Reinfection strategy defines whenever any healthy or infected recipients open the malicious attached file the modern email malware sends its copy to the recipients contact. But in non-reinfection strategy the infected user sends the worm to his neighbors only once. This SIR model describes the non-reinfection strategy of the email worm. This epidemic spreading model categorize the population into three states: Susceptible (S) - individuals that are vulnerable and can possibly be infected. Infected (I) - individuals that have been infected and infect other individuals. Removed (R) - infected individuals that do not infect other individuals.
For homogeneous networks, dynamics of propagation of email worms can be approximated by SIR model for homogeneous network.
SII model
This new analytical model was proposed by Wen [16] to capture the interactions among the infected email users by a set of difference equations, which together describe the overall propagation of the modern email malware. Then they introduced a new concept of virtual nodes to address the underestimation in previous work, which can represent the situation of a user sending out one more round of malware copies each time this user gets infected.
Virtual node generation: The basic elements for the propagation of modern email malware are nodes and topology information. A node in the topology represents a user in the email network. The Virtual nodes, which can represent the situation of a user sending out one more round of malware copies whenever this user gets infected. For modern email malware, recall that a compromised user may send out malware email copies to neighbours every time the user visits those malware hyperlinks. Malware emails are also sent out when certain events are triggered. Thus, at an arbitrary time t, a user may receive multiple malware email copies from an identical neighbouring user who has been compromised. In order to represent the repetitious spreading process of the reinfection and the self-start, they introduce virtual nodes to present the kth infection caused by infected users opening the kth malware email copy. This model is able to address two critical processes unsolved in previous models: the reinfection and the self-start. By introducing a group of difference equations and virtual nodes, we presented the repetitious spreading processes caused by the reinfection and the self-start.
Nodes and topology information: Nodes and topology information are the basic elements for the propagation of modern email malware. A node in the topology represents a user in the email network. Let random variable Xi (t) denote the state of a node i at discrete time t. Then, all nodes in networks are initially susceptible. Since infected users will send out malware copies when they are compromised, node i transits from the susceptible state to the active state after the user of node i gets infected. The user is infectious at the active state. When a user is infected but not infectious, the node of this user transits to the dormant state. Besides, any user can be compromised again even if the user has been infected before. Whatever the state an arbitrary node is at, it may transit to the immunized state.

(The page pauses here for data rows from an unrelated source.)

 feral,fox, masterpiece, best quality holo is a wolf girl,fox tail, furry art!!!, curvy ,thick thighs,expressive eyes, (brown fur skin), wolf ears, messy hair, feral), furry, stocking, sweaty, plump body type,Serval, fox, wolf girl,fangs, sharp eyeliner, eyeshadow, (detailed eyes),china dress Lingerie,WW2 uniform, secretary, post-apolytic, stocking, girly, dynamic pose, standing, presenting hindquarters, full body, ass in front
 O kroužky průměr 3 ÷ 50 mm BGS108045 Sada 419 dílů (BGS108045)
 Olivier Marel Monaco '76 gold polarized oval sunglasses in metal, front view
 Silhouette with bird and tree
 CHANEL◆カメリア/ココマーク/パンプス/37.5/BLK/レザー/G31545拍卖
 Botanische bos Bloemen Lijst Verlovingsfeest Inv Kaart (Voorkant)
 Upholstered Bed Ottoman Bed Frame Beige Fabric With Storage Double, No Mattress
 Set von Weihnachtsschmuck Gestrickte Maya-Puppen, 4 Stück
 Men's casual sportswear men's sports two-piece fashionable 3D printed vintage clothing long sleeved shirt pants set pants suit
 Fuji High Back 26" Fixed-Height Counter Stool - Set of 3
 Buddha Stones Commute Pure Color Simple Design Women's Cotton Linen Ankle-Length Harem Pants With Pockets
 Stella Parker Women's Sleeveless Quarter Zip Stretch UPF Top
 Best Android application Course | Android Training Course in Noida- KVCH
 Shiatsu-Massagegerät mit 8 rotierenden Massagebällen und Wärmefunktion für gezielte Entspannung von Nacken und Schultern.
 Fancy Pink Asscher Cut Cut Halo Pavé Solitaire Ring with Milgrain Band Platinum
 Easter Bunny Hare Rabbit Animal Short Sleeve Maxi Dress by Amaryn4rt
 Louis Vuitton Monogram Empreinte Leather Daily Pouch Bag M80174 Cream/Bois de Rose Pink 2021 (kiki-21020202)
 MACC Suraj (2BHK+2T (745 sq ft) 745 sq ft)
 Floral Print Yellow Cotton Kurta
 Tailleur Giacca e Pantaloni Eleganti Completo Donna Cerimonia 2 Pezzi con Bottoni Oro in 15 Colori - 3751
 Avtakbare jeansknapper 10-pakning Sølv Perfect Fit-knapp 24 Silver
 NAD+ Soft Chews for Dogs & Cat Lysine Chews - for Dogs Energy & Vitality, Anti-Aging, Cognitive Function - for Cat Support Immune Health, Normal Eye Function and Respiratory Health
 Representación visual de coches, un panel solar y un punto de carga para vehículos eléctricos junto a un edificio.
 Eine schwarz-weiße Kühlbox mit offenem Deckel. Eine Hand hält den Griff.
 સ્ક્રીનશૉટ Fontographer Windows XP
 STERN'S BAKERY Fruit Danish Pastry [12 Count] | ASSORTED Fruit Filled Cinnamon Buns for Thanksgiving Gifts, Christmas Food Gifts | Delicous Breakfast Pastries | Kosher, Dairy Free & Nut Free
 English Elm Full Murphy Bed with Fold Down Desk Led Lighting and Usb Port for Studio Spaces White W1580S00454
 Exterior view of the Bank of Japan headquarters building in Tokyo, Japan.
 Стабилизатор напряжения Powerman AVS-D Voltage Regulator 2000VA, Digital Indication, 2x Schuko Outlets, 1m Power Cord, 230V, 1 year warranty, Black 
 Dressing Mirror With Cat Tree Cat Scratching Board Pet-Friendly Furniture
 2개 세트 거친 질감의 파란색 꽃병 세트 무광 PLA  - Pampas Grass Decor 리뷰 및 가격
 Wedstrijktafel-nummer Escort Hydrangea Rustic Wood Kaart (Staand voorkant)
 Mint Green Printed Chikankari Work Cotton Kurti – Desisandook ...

Malware is posing a threat to user computer systems in terms of stealing personal and private information, corrupting or disabling our security systems. This paper highlights some existing methodologies incorporated by security researchers to tackle these threats. Our survey paper explains about different propagation techniques. The malware developer tries to write new techniques and strategies to hide the malicious code and infect the targets. On the other hand, the detectors analyze malware behaviors continuously and try to resist these techniques and strategies hence, we need to allow detection development techniques to lead malware updating through very well analytical process for malware activities and behaviors to fix any possible targeted threats. A new simulation must be designed to contain real system samples, to analyze the malware behaviors against these samples after elaborate malware updating. The objectives of this simulation are to avoid systems threats before being infected by real malware.